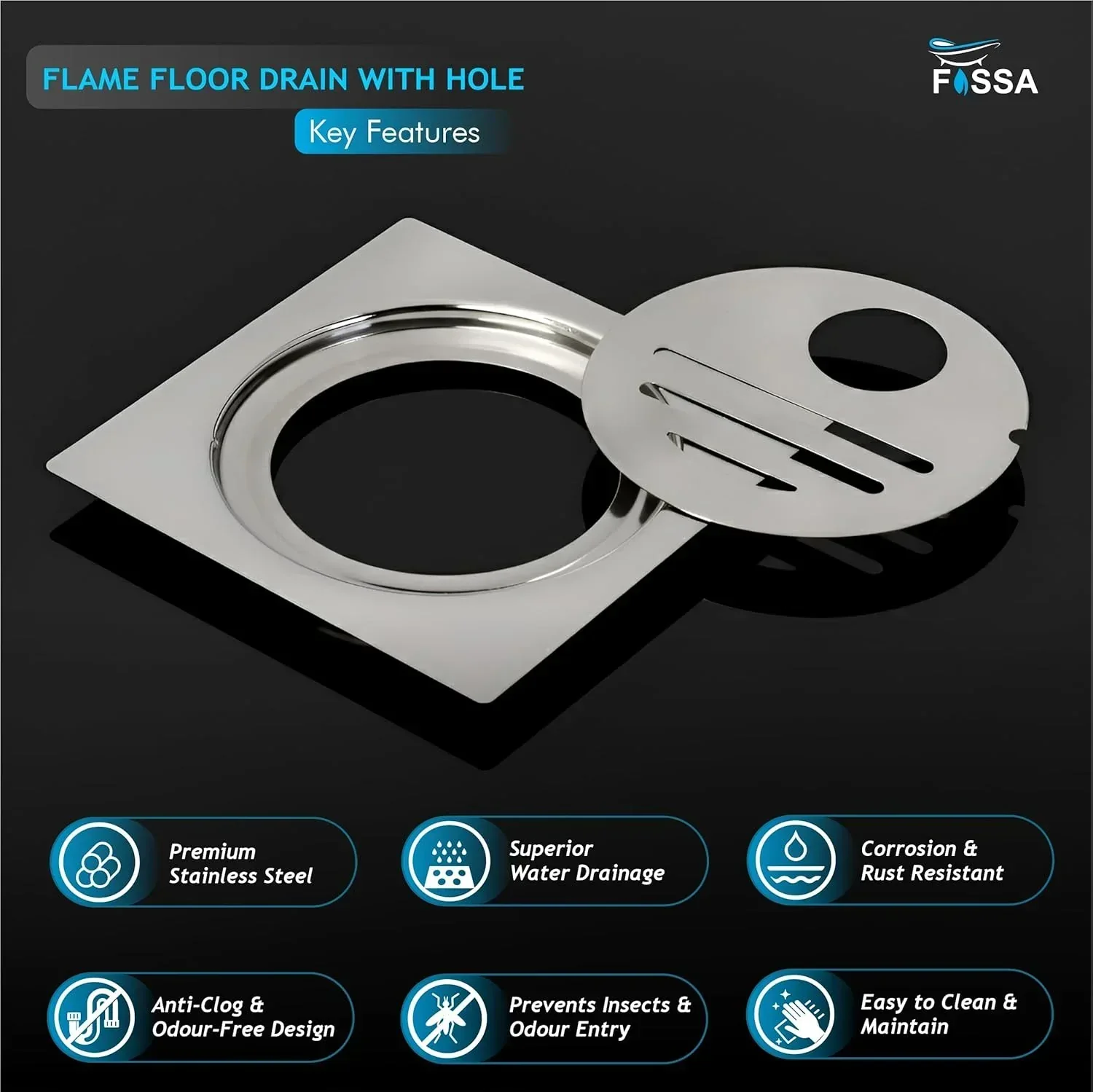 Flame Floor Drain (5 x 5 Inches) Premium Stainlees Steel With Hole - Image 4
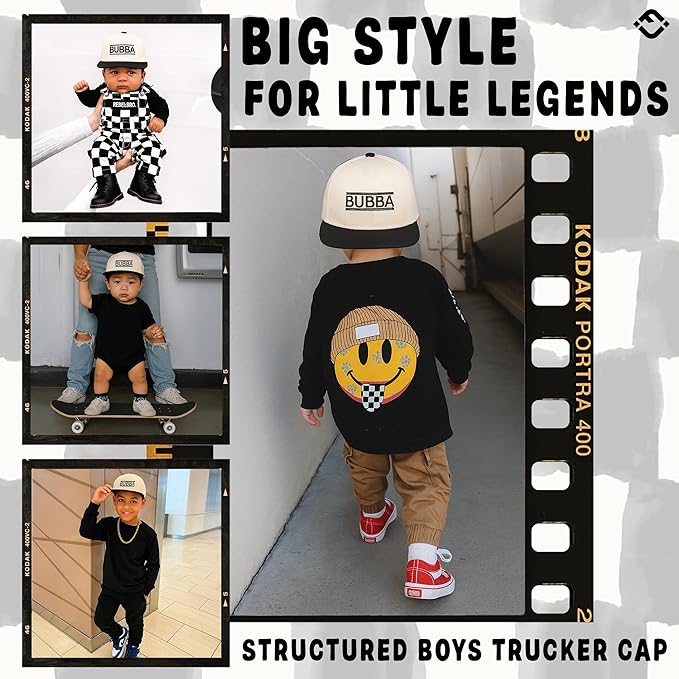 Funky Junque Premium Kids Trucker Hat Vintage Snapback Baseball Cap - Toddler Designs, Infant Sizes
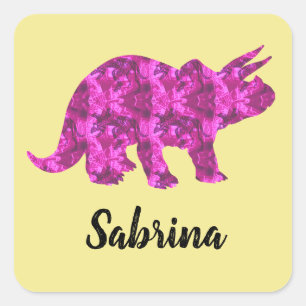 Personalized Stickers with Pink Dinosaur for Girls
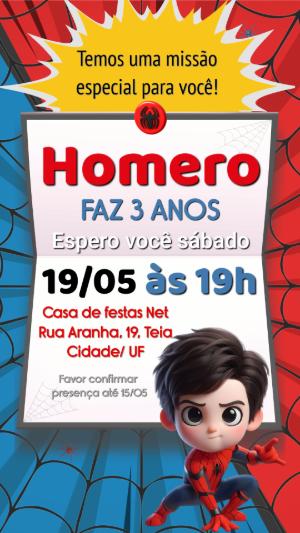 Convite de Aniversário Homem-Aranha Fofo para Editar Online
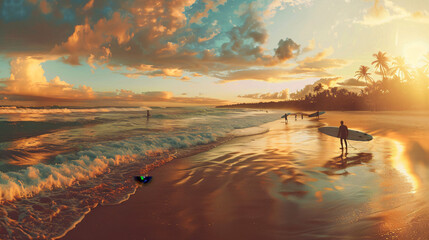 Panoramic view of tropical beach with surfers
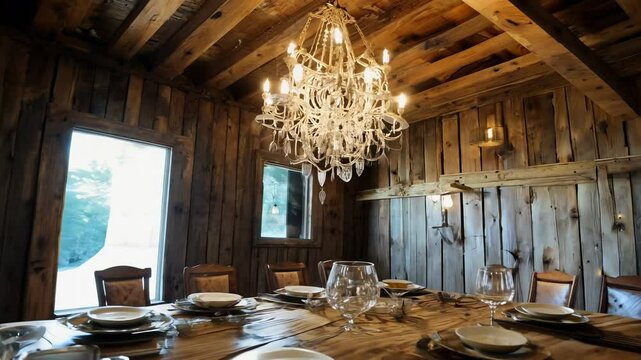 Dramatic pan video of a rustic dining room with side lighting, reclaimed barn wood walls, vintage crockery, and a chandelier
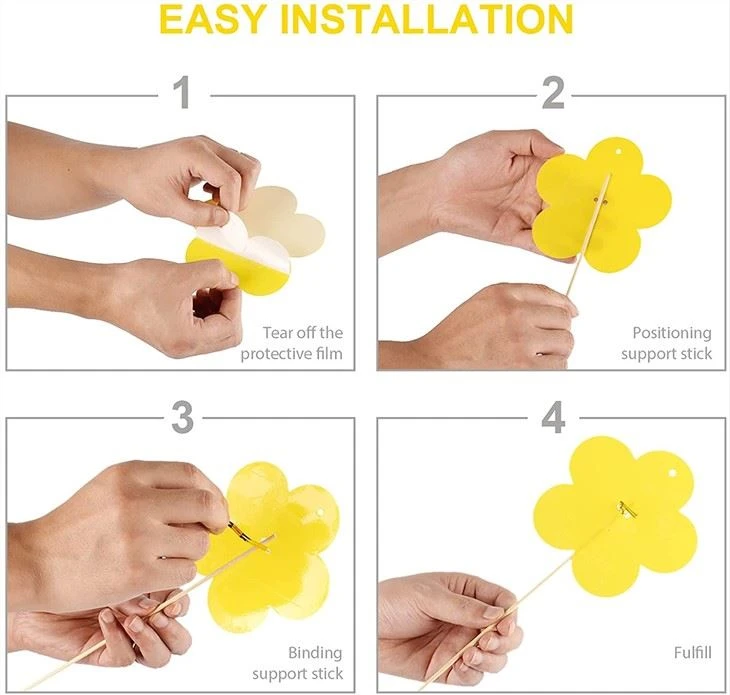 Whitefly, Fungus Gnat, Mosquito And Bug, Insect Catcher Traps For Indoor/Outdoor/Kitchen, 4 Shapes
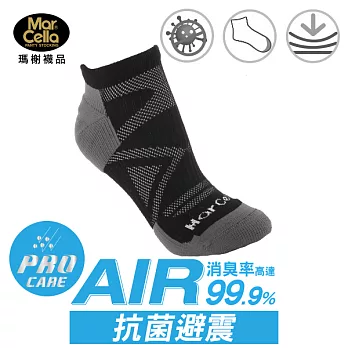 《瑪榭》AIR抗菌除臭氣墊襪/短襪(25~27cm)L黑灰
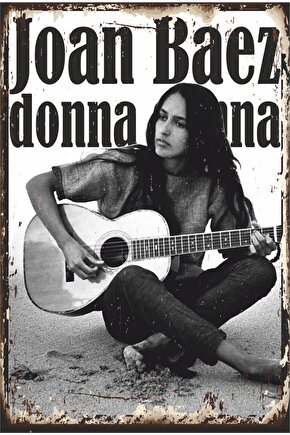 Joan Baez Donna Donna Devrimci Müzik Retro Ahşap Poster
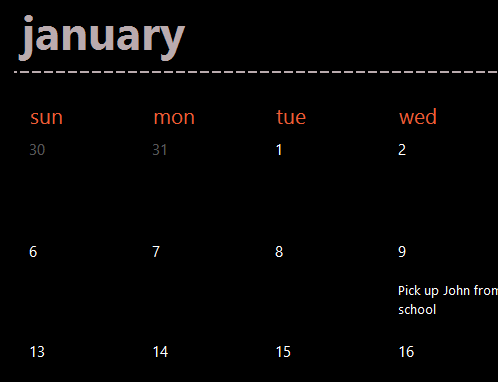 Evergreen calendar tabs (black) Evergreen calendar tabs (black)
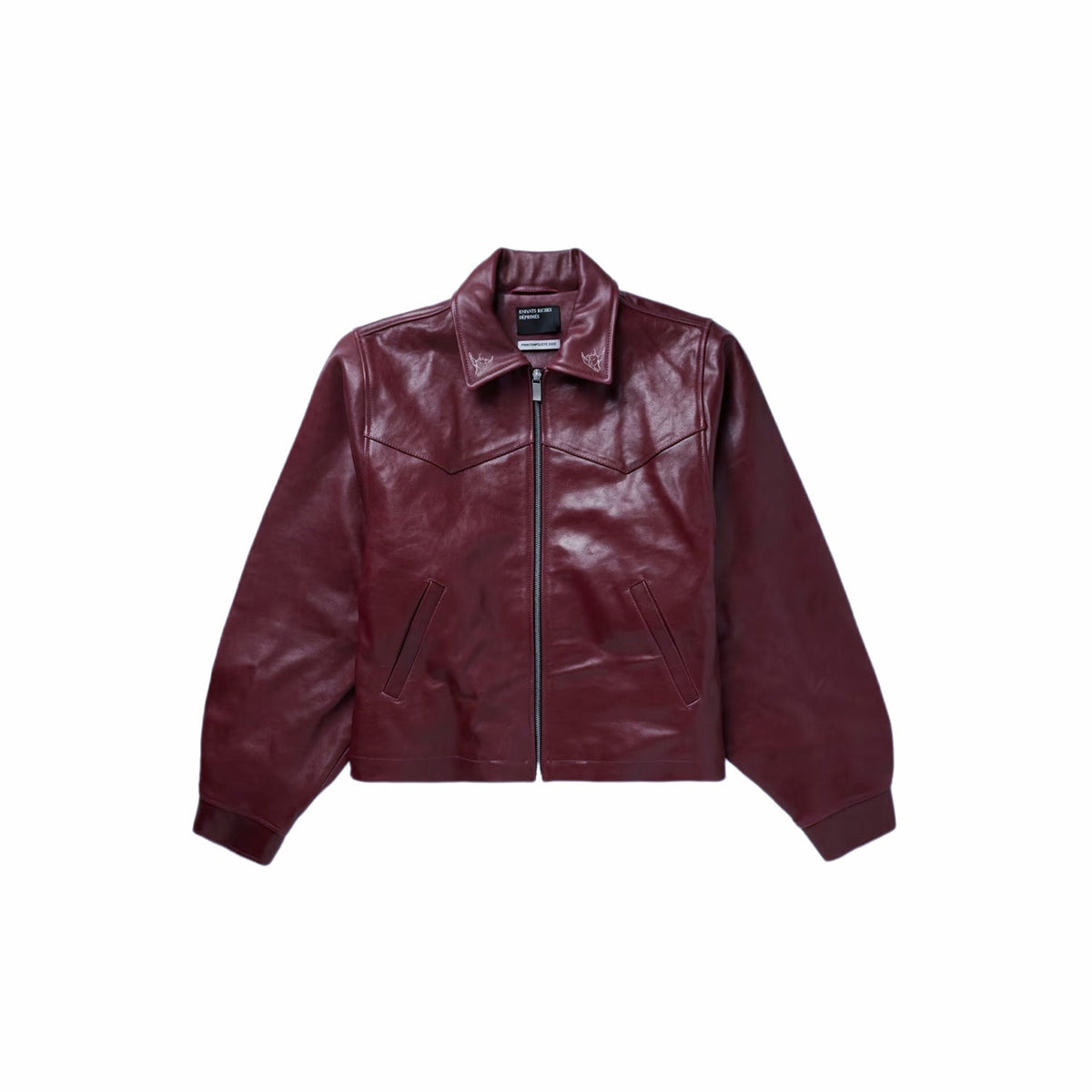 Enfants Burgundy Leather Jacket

-------

Go through the listing above and quote it exactly, apart from its images.

▶ TASK SOLUTION:
 Flame Floor Drain (5 x 5 Inches) Premium Stainlees Steel With Hole - Image 4
 Funky Junque Premium Kids Trucker Hat Vintage Snapback Baseball Cap - Toddler Designs, Infant Sizes
 Personalized Stickers with Pink Dinosaur for Girls
 Convite de Aniversário Homem-Aranha Fofo para Editar Online
 Panoramic view of tropical beach with surfers
 Dramatic pan video of a rustic dining room with side lighting, reclaimed barn wood walls, vintage crockery, and a chandelier
 Whitefly, Fungus Gnat, Mosquito And Bug, Insect Catcher Traps For Indoor/Outdoor/Kitchen, 4 Shapes
 《瑪榭》AIR抗菌除臭氣墊襪/短襪(25~27cm)L黑灰
 Joan Baez Donna Donna Devrimci Müzik Retro Ahşap Poster
 Evergreen calendar tabs (black) Evergreen calendar tabs (black)
 Enfants Burgundy Leather Jacket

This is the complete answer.